The forum contends that high-performing finance and accounting
(F&A) functions are vitally important. “These leading companies
look to their F&A functions to not only operate efficiently and
produce accurate financial accounts and useful management
information, but also to work closely or to ‘partner’ with the
business to help improve decision making and support value
creation,” the report states.

The report suggests that finance/business partnering varies in
form. “Credibility as a finance/business partner usually rests on
the financial expertise and analytical rigour contributed to
decision making rather than an ability to provide expertise or
leadership in other business disciplines,” the report states.

It also notes that finance professionals can “already provide both
quantitative and qualitative management information including
accounts, analysis, balanced scorecards and narrative reporting.
The challenge is to help apply financial and accounting expertise
to decision making in the business.”

To bring F&A expertise to the business, the CIMA report
suggests, finance/business partners must have sufficient business
understanding to recognise the relevance and practical application
of the information, be able to communicate their insights in the
business’s terms, and help determine and manage actions through to
achieving impact.

The report also suggests that accountants within business should
develop their skills to “support the changing face of finance
functions”. One of the skill sets highlighted is soft skills.
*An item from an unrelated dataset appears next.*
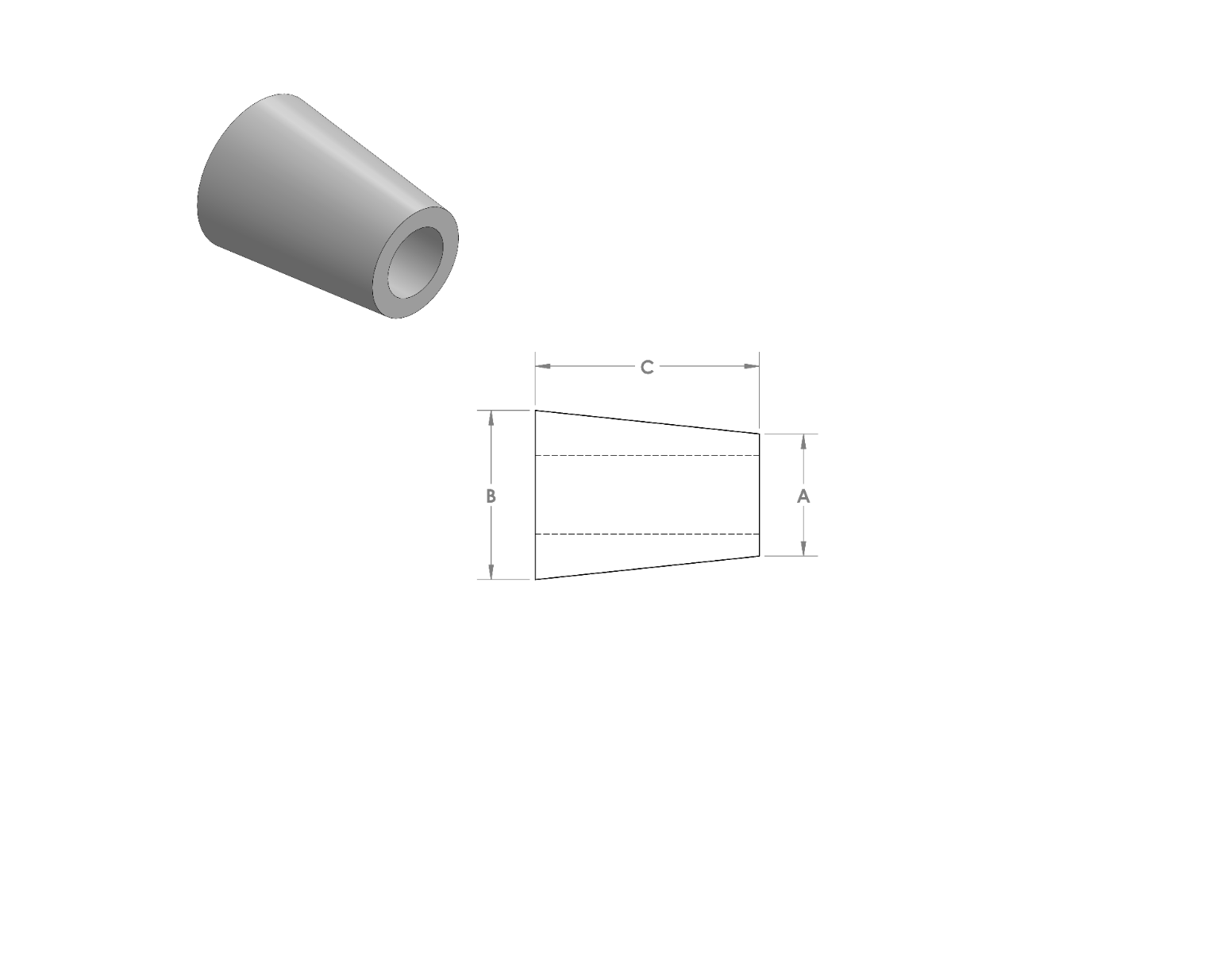 Silicone Bore Mask Plug CAD Drawing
The
research paper outlines statistics from the PA Consulting Group,
which show that of a sample of FTSE 100 financial directors, the
vast majority have thinking processes that are logical, analytical,
quantitative and fact-based.

“These are valuable qualities for them to contribute to decision
making,” the report states. “However, their nature may make it
difficult for them to develop empathy with more emotional or
intuitive colleagues.”

The CIMA report suggests that finance professionals need to be
trained “not just to furnish and assemble financial information but
to draw insights and to communicate these effectively to support
decision making. They will be expected to use their understanding
of the numbers and metrics to evaluate opportunities and support
decision making about investment opportunities and resource

Roland Ginn, the finance director at Jobcentre Plus and the UK
Department for Work and Pensions, told attendees at the report’s
launch that “you do actually find that [finance] people want those
soft skills”.

According to the research, management accountants are “keen to work
with the business to improve decision making”. “They can provide
the metrics and analysis to support evidence-based decision
making,” the CIMA report argues, adding that management
accountants’ invitation to participate in business decision making
rests on their ability to provide timely and accurate management
information efficiently and to work closely with the business to
combine financial expertise with business understanding to inform
decision making.

Significant contribution

The report suggests that management accountants have a “significant
contribution” to make at each stage of this decision-making
process. It says: “However, the F&A function has challenges to
overcome before it will be engaged to provide finance/business
partnering; it must be transformed to better support decision
making.” The challenges the report outlines are providing useful
management information more efficiently and working closely with
the business to improve decision making.

More efficient use of time is demonstrated in the report through
statistics from IBM Business Consulting that show that in 2005, 27
percent of the F&A function’s time was spent on stewardship
activities, with only 26 percent on decision support. IBM estimates
that for F&A to be effective as a finance/business partner, the
proportion of its time spent on decision support needs to increase
to 40 percent at the expense of transaction processing. In 2005,
transaction processing was still absorbing 47 percent of F&A’s
time, on average.

The CIMA report suggests that leading companies may already be at
the 40 percent level for decision support. CIMA technical
specialist Peter Simons says: “This is not the future. It is the
reality already in the top companies.”
The report concludes with the suggestion the CEO and CFO must work
together to develop a vision for the finance function.